Risk is pervasive in operations and ignorance doesn’t change this fact. The most obvious and effective place to identify and mitigate risk is right on the plant floor. When we look at the causes of large-scale disasters, employee injuries or deaths, or environmental crises, they are generally attributable to something that occurred (or was ignored) on the plant floor.

When an adverse event occurs, it can typically be traced back to a very specific event that occurred in a specific location at a specific time. Whether it was an underperforming asset that was poorly monitored, a fall hazard that wasn’t properly identified, or a piece of heavy equipment that had under-maintained machine guarding, analyses of adverse events almost always point to a specific concern that arose on the plant floor.

So while the precepts of risk management can seem nebulous, know that the causes related to risk management gone wrong are always very concrete. In your company, risk management, broadly, may fall under the purview of a specific executive champion but these executives don’t understand the details of operations and associated risk factors. The solution, as a plant manager, is to take ownership of maintaining and using an effective risk register.

2. Operational Risk and Enterprise Risk Need a Symbiotic Relationship

We often talk about Operational Risk Management and Enterprise Risk Management as if they are isolated management frameworks. This might cultivate the perception that they are, but nothing could be further from the truth. Instead, they are simply two different levels of granularity into evaluating risk, and though they occur at different levels of organizational management, they ought to work with one another in a feedback-oriented, continuous improvement loop.

The right enterprise risk register will take a localized risk-based issue—for example, a faulty asset or repeat behavioral concern—and then record and classify that issue, and apply corrective measures at the plant level, of course, but then go beyond by taking the ‘shape’ of that issue and extending it across similar sites across the enterprise.

For example, if one plant in Boston has identified repeat machine guarding issues within that particular site, the Identify-Assess-Control-Monitor and Respond ORM process applied at that site ought to then be extended to similar sites in Houston, Detroit, Beijing, and beyond. This is a very proactive way of applying risk lessons learned across the enterprise, instead of keeping them holed up at one site. That approach may serve the site well, while serving the operation poorly. Plant managers need the tools to both push local risk scenarios from their plant out across the enterprise and also pull risk data into their own plant.
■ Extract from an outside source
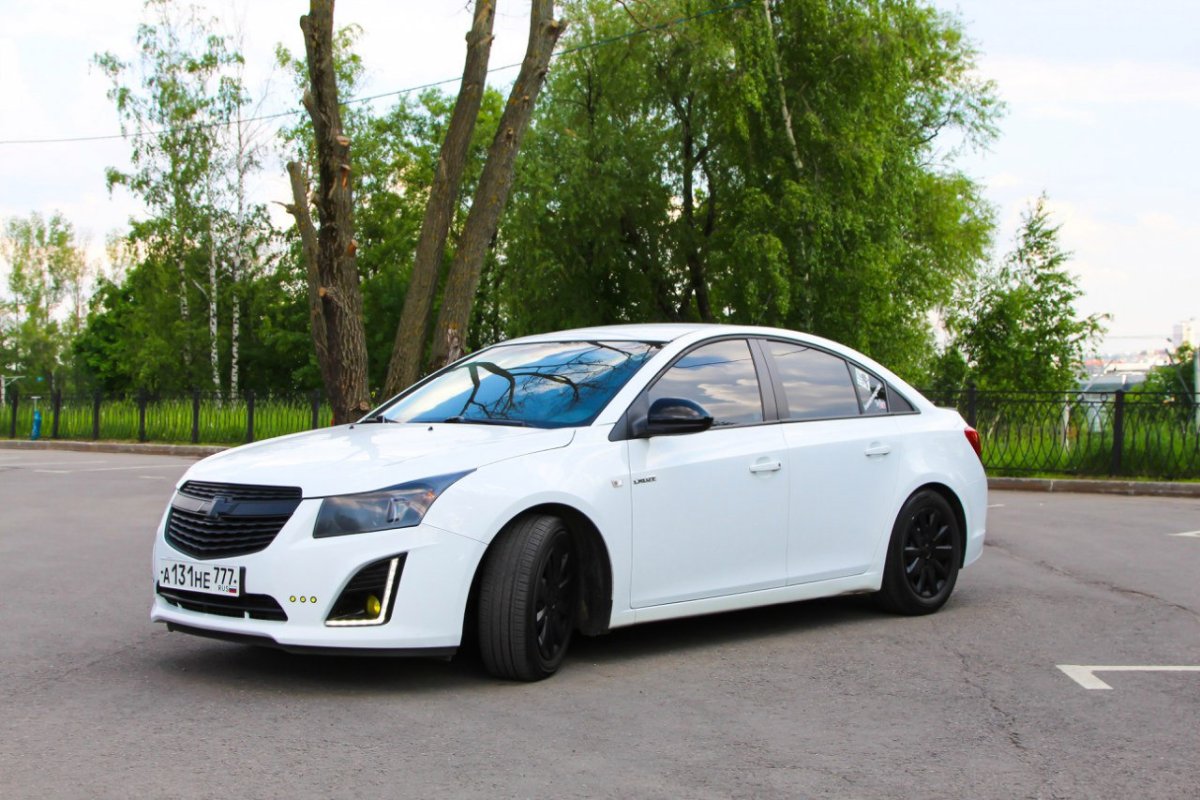 Белый Chevrolet Cruze черные диски хэтчбек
3. The ‘Smallest’ Risk can Become the Biggest Organizational Disaster

It is tempting to think that our localized risks, should they manifest into adverse events, will not necessarily be crippling for the organization at large. But we need not look further than the biggest Gulf of Mexico oil rig disaster or the recent Bangladesh textile factory collapse to know one isolated (and arguably preventable) event can upset stock prices, cause enormous brand damage, and result in vast fees, fines and reparation expenses.
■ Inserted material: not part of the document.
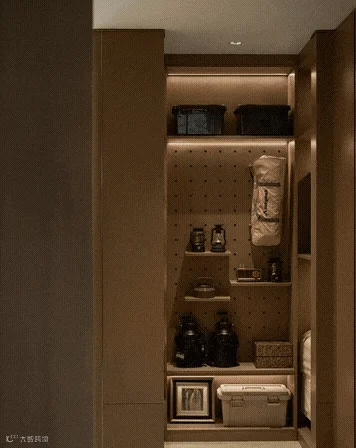 clideo_editor_f1b98b62279c43a38511a7674364a947.gif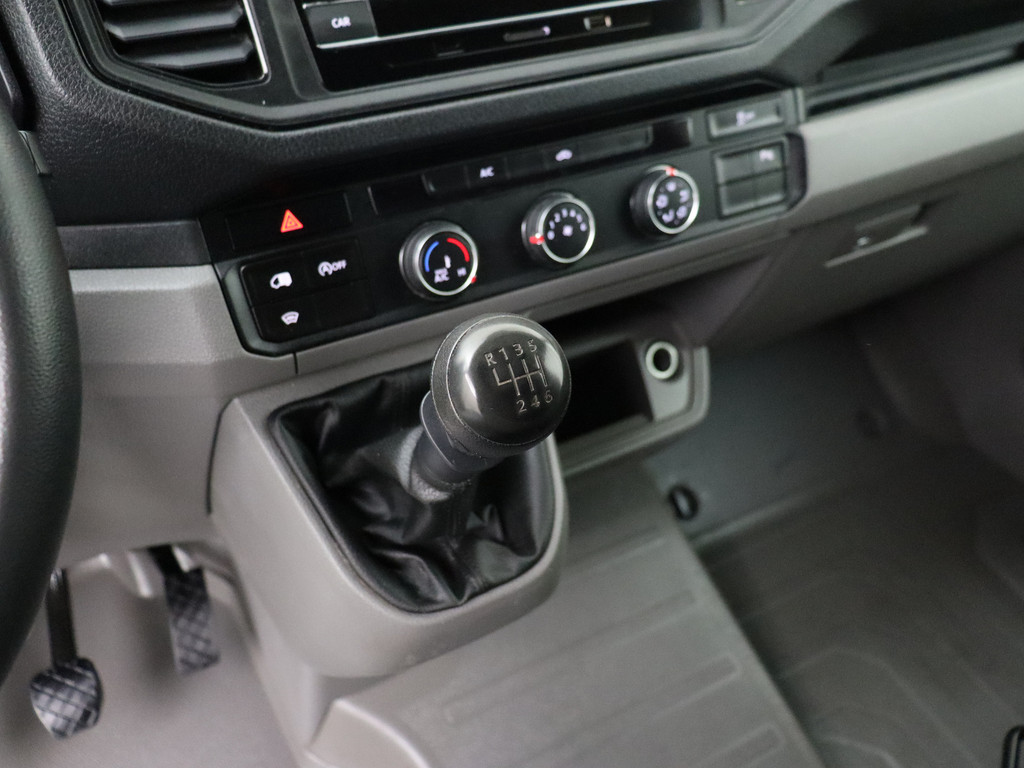 Volkswagen Crafter 2.0TDI 140PK L3H3 9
As plant managers, it can be easy to believe the daily risks and concerns we encounter are ours alone, and that’s understandable. But know that, however unique our individual operations are, the general pursuits, processes, and problems we encounter are realized to some extent (albeit in subtly different ways) across all of the plants across our global enterprise.

In operations, the only way to eliminate bias or assumptions that we may have about our operations is to systematically quantify and prioritize the risks in the risk register and maintain this process over time.

4. Effective Operational Risk Management Equals Improved Profitability

To put it lightly, adverse events are, well, expensive. To varying degrees, of course. A moderate, local occupational health and safety claim—that’s one thing. An undermaintained asset that causes an explosion that results in leaks, injuries, and death—that’s quite another.

The impacts of one adverse event can be orders of magnitude higher than those of another, smaller adverse event. And the lifecycle costs of dealing with minor adverse events are already sizeable, and they multiply accordingly for large-scale events.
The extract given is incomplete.